--- INFORMATION GIVEN Enclosed Below ---
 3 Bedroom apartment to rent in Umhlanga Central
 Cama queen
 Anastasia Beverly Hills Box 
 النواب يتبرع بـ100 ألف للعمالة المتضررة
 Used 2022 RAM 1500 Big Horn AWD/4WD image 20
--- End of Enclosed INFORMATION GIVEN ---
--- INFORMATION GIVEN Enclosed Below ---
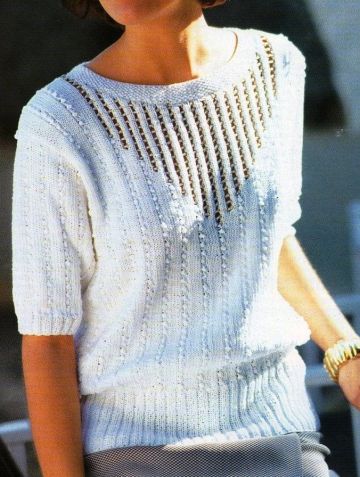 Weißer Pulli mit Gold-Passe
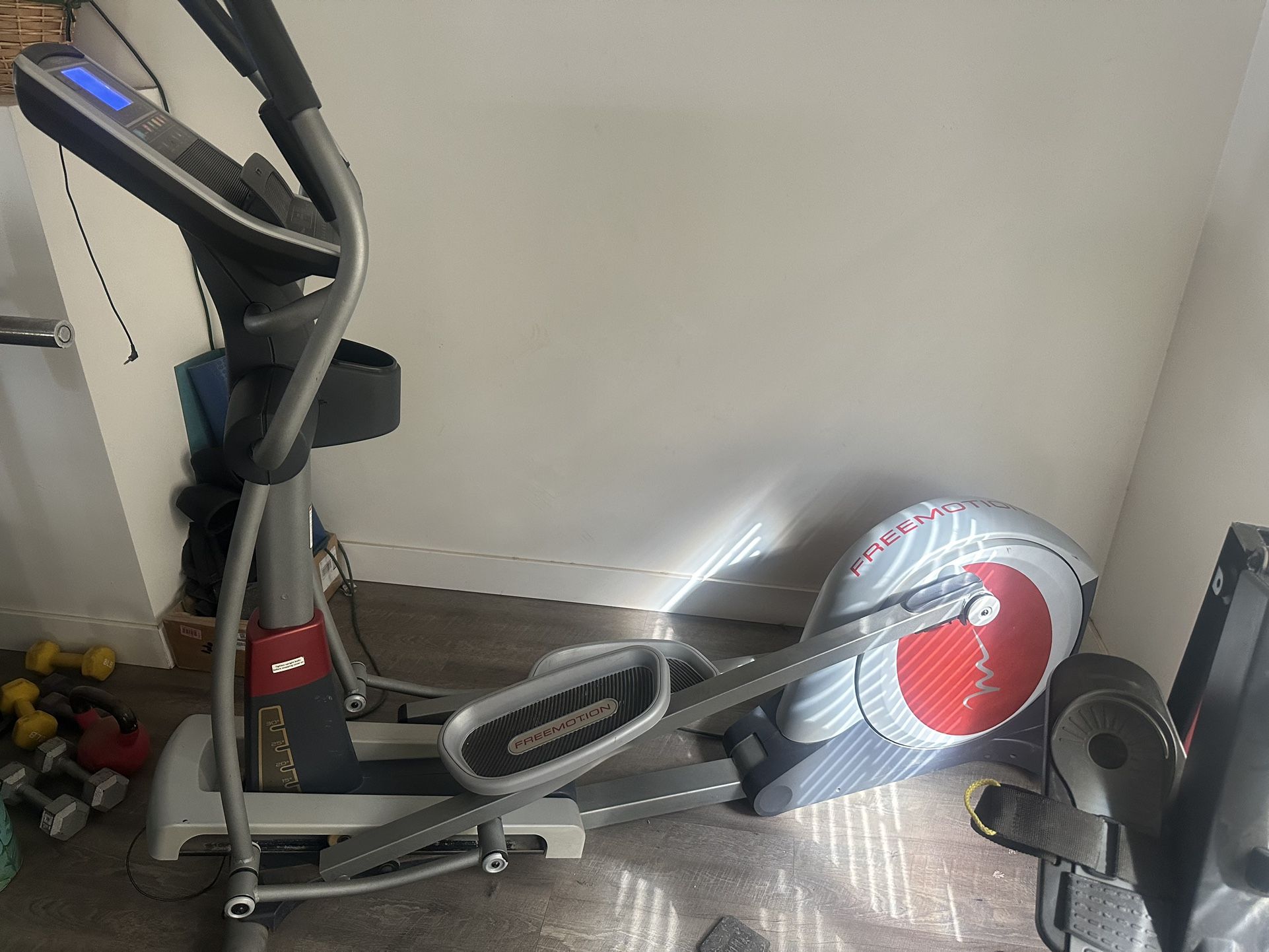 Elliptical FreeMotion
--- End of Enclosed INFORMATION GIVEN ---
--- INFORMATION GIVEN Enclosed Below ---
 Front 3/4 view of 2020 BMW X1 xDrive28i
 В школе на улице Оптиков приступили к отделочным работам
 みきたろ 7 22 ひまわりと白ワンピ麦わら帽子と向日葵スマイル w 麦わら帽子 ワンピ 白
--- End of Enclosed INFORMATION GIVEN ---
## [TASK TO CARRY OUT]
The lines above starting at the one that holds "Weißer Pulli mit Gold-Passe" and ending at the one that holds "Elliptical FreeMotion" are to be written out exactly, ends included, and no pictures are to be copied.

## [EXERCISE RESULT]
 Weißer Pulli mit Gold-Passe
 Elliptical FreeMotion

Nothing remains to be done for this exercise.